どうしたって期待したい!!
そんな間にも続けざまピロンピロン響く通知音でなんとなく相手は限定される。
実結だな。
「………滅茶苦茶通知鳴ってるね」
「メールと違って長文を送信ってわけじゃないから」
「でも、連続して送るなら長文でもよくない?」
「ああ、うん。水城くんはまさにそうだったね。まあ、この子の場合特に一言一言くだらなくて意味がある様でない様な会話だから」
「もしかして鈴原がよく一緒にいる子?」
「あれ?何で?一緒の時水城くんと会ったっけ?」
「いや、だって同じ大学じゃん?学科違っても見かける事なんて普通にあるでしょ」
「っ……」
ヤバい……なんか嬉しい。
知らず知らずに水城くんに見られてたんだ。
いや、深い意味はないと思うのだけども、やはり自分を認識してもらっているというのは嬉しくてつい浮れてしまう。
ああ、マスク様ありがとう。
おかげで気兼ねなく口元ニヤニヤさせられます。
「面白い子なんだよぉ。
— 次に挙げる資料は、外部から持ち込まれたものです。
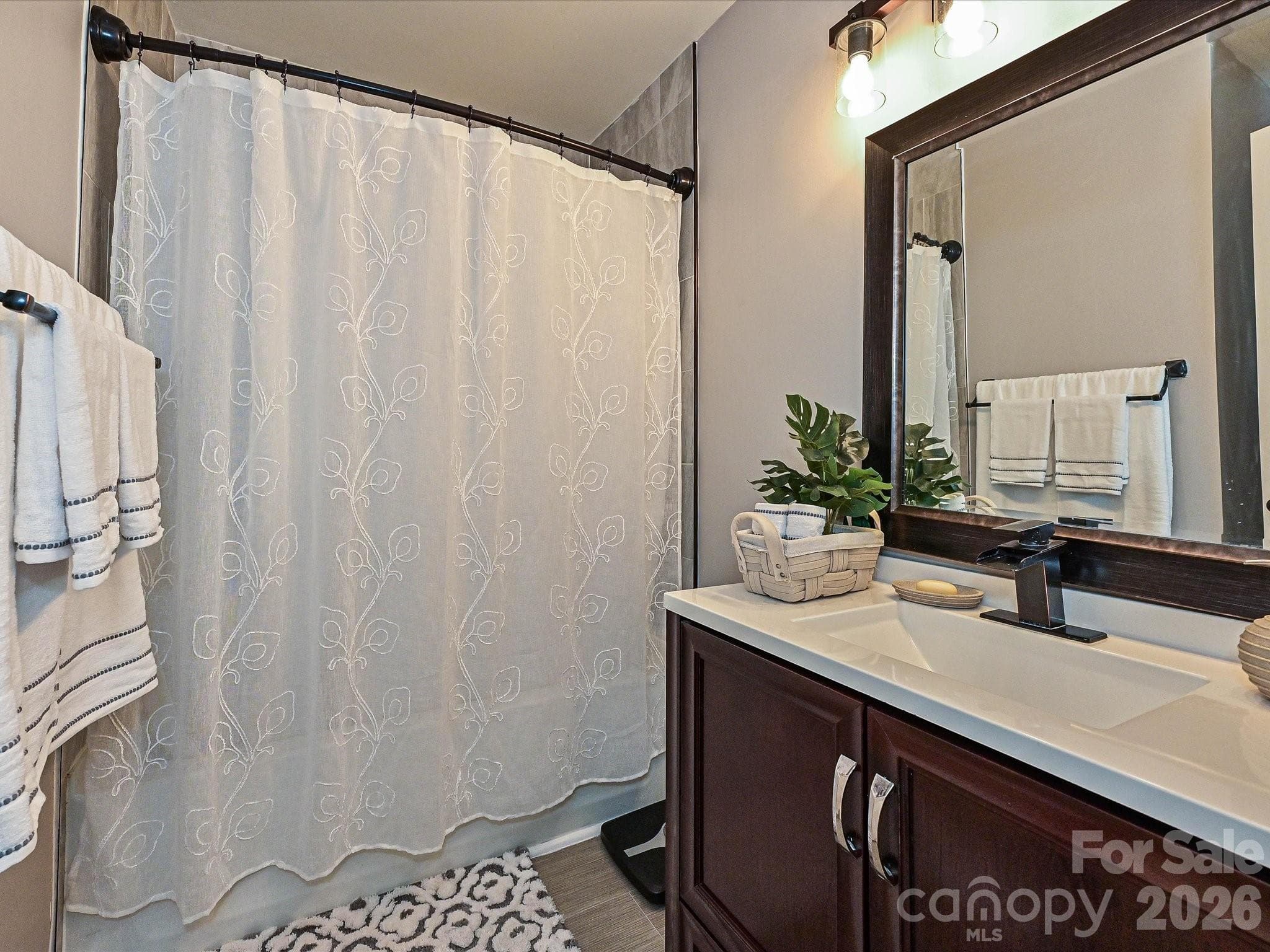 Townhouse at 8069 Regent Park Lane, Charlotte, photo 22 of 30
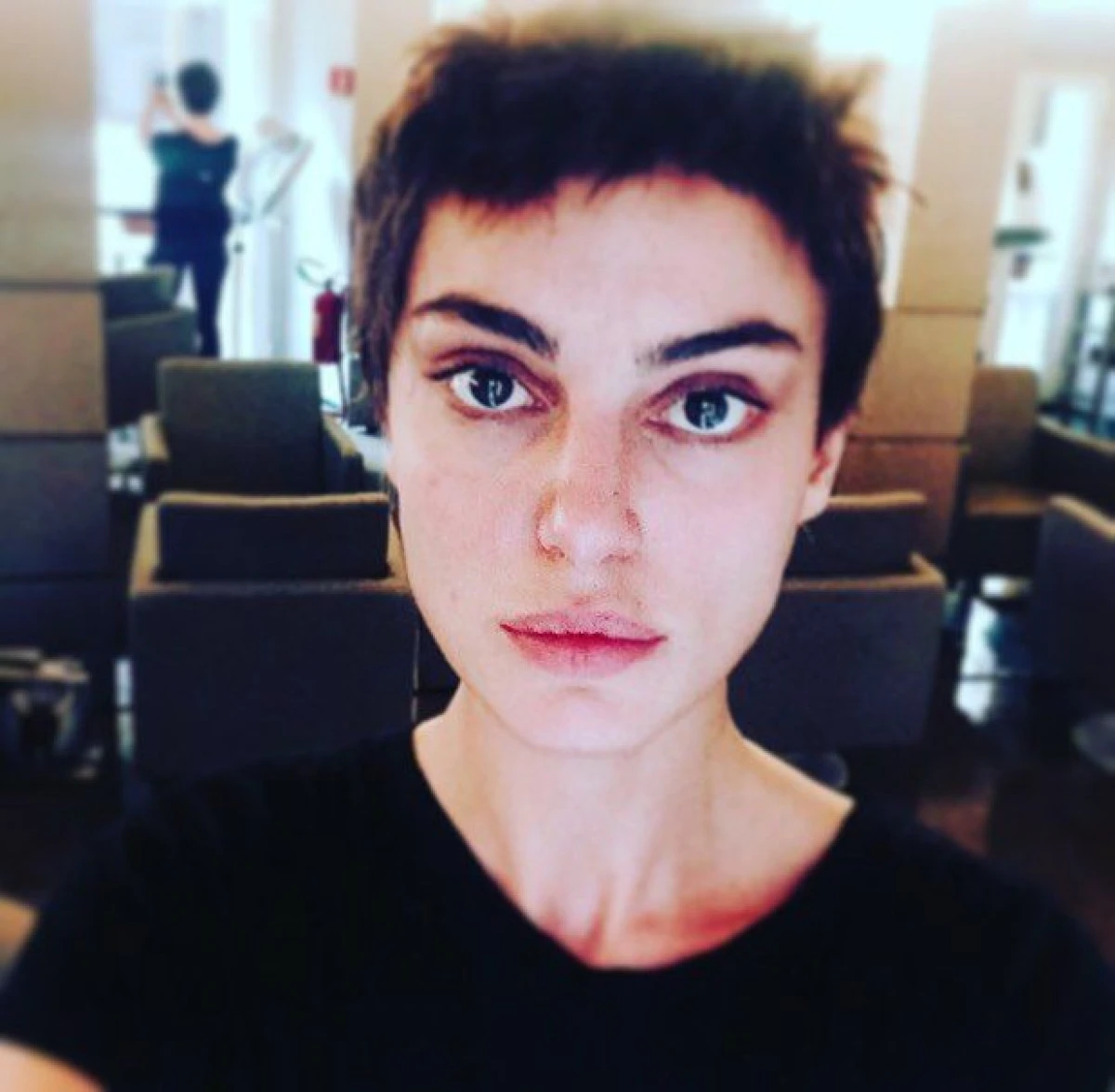 ASA NU AI MAI VAZUT-O PE CATRINEL MENGHIA. DUPA CE A RENUNTAT LA PARUL LUNG, PENTRU FREZA DE BAIETEL, UITE CUM A APARUT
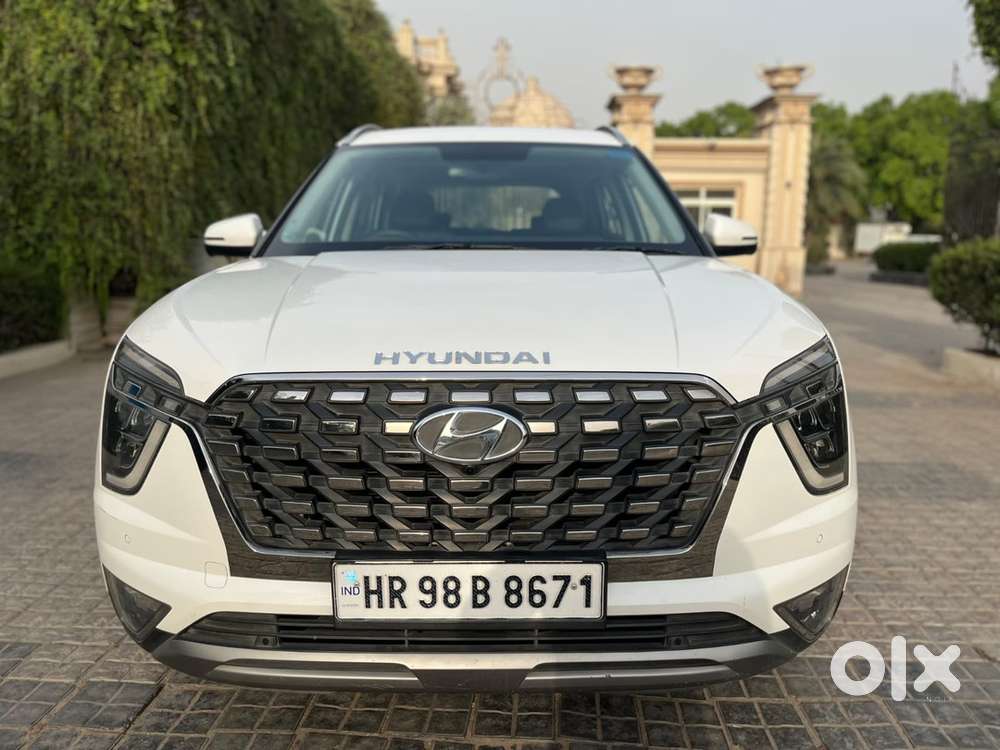 2021 Alcazar Sig(o)top -petrol At - 20,000km
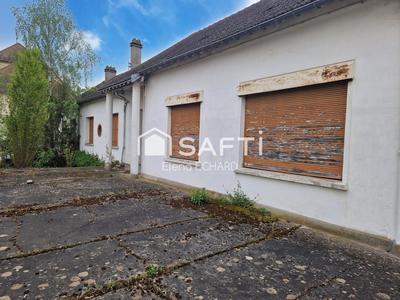 Maison - 232 m² - 10 pièces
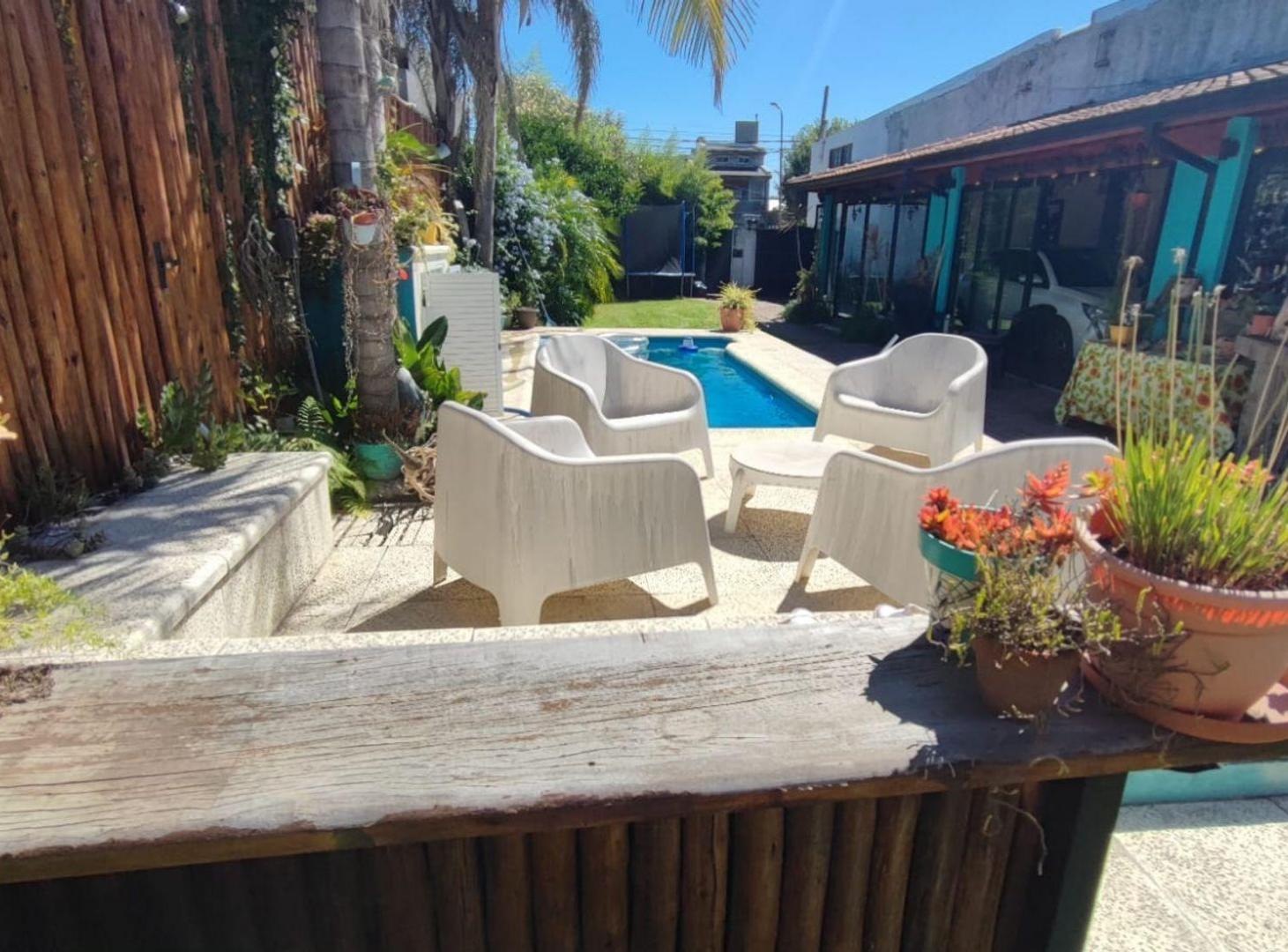 Foto de CHALET EN VENTA CON PILETA Y PARQUE QUILMES OESTE, imagen 1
ちょっとゴシップ好きで人の恋愛事とか大好物なんだけどねぇ。送ってくるLINEもいちいちくだらなくて面白いの、」
「へぇ、」
「ほら、こんな…………………………」
「…………………………………」
くだらない会話なの。……と、続けるつもりが続けられなくなりました。
思考停止。
いや、停止してる場合じゃないとなんか変な汗が滲み出てくるんだけど。